Below is part one of their interview, edited for length and clarity. You can find part two here.

Tim Melvin: We're talking today with John Cole Scott of CEF Advisors. You're a registered investment advisory firm up in Richmond, Virginia, is that correct?

John Cole Scott: We are. We're based in Richmond, Virginia, but we used to be based in Santa Barbara, California. We bought a distressed firm and took it to Richmond in '97, after we bought full control, so we've owned it almost 20 years.

Melvin: And you guys specialize primarily in closed-end funds, correct?

Scott: Yes. So we focus on closed-end funds. We also include business development companies, or BDCs, which are technically closed-ended management companies.

Melvin: What drew you to the closed-end fund universe? Because it's very, a selective kind of specialty, not well-known segment of the investment world.

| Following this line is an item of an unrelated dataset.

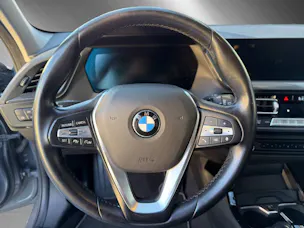 BMW 120d xDrive Sportline  **CH Fahrzeug**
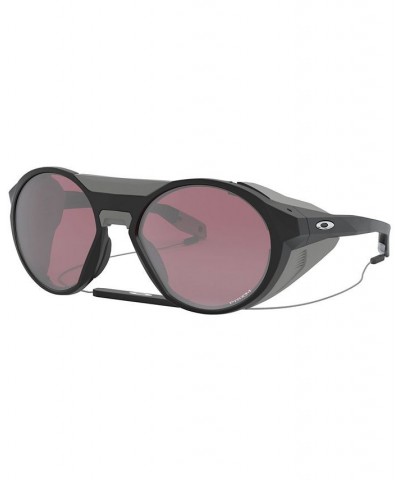 Sunglasses OO9440 56 CLIFDEN MATTE BLACK/PRIZM SNOW BLACK $38.16 Unisex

Scott: My answer is always, if it was easy, everyone would be doing it. But I happened to be born owning closed-end funds because my father and his best friend bought control of venture equity fund in 1970. We started in '72 from a broken IPO in 1968 called Diebold Capital. His buddy bought a third of the stock over time, and my family owned another 10 or 15 percent. But family friends owned a bunch, and we bought control of this fund and my dad was a board member.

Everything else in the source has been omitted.